## [Data]
==*==

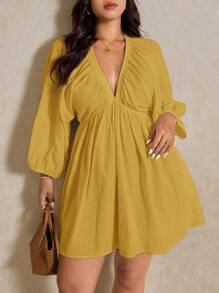 Elaquor 大码女式深V领灯笼袖纯色连衣裙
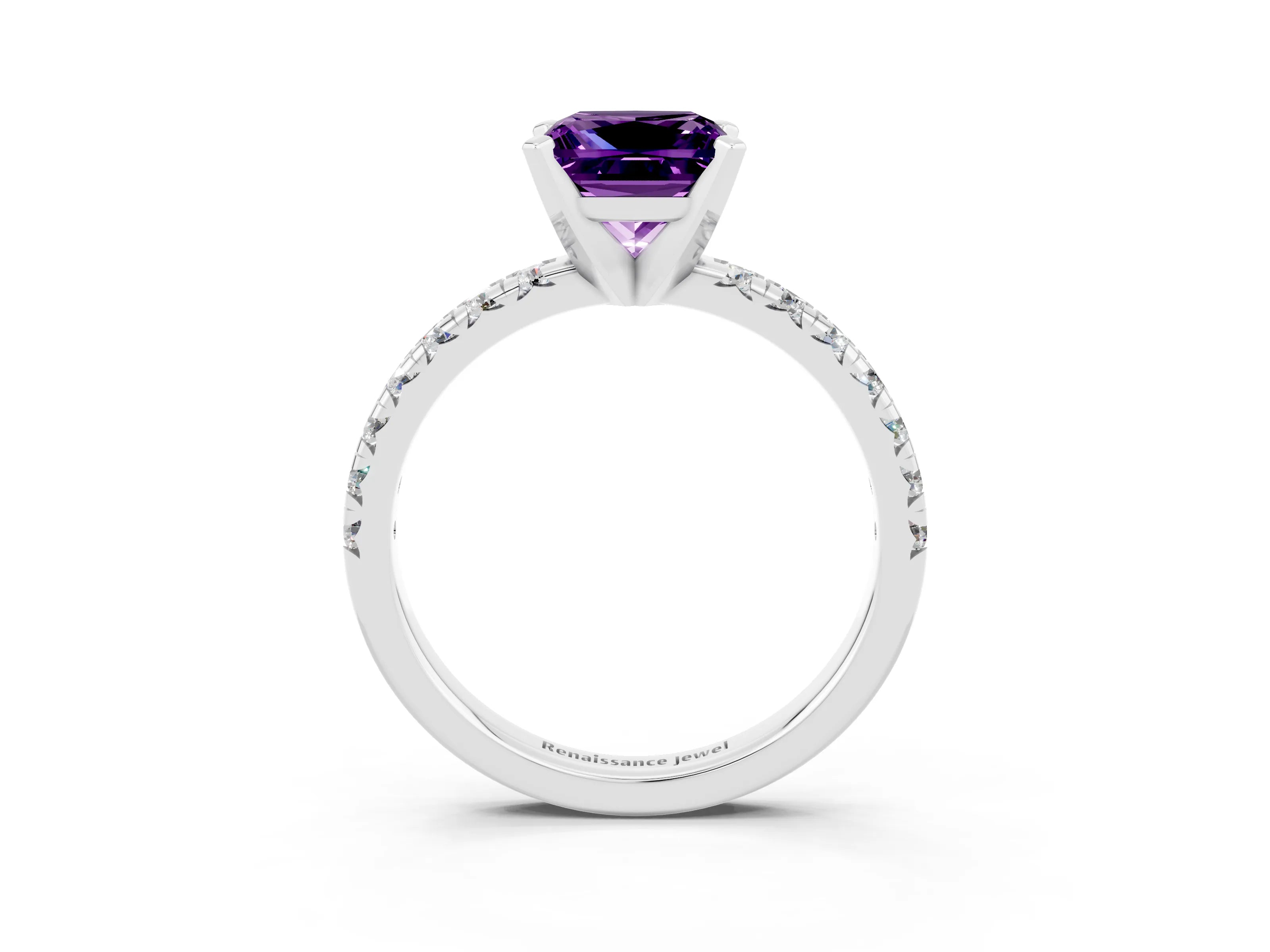 White gold Princess Cut Solitaire Pave Diamond Engagement Ring with Four-Prong Setting_3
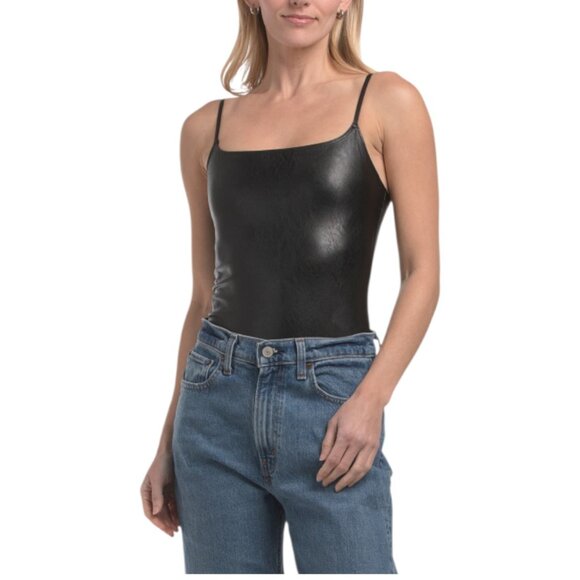 COMMANDO Black Faux Leather Camisole Bodysuit - Picture 1 of 3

==*==

## [Directions]
No pictures belong in the copy. Retype exactly, and only, the lines from the line containing "White gold Princess" through the last line of the data, both included.

## [Response]
 White gold Princess Cut Solitaire Pave Diamond Engagement Ring with Four-Prong Setting_3
 COMMANDO Black Faux Leather Camisole Bodysuit - Picture 1 of 3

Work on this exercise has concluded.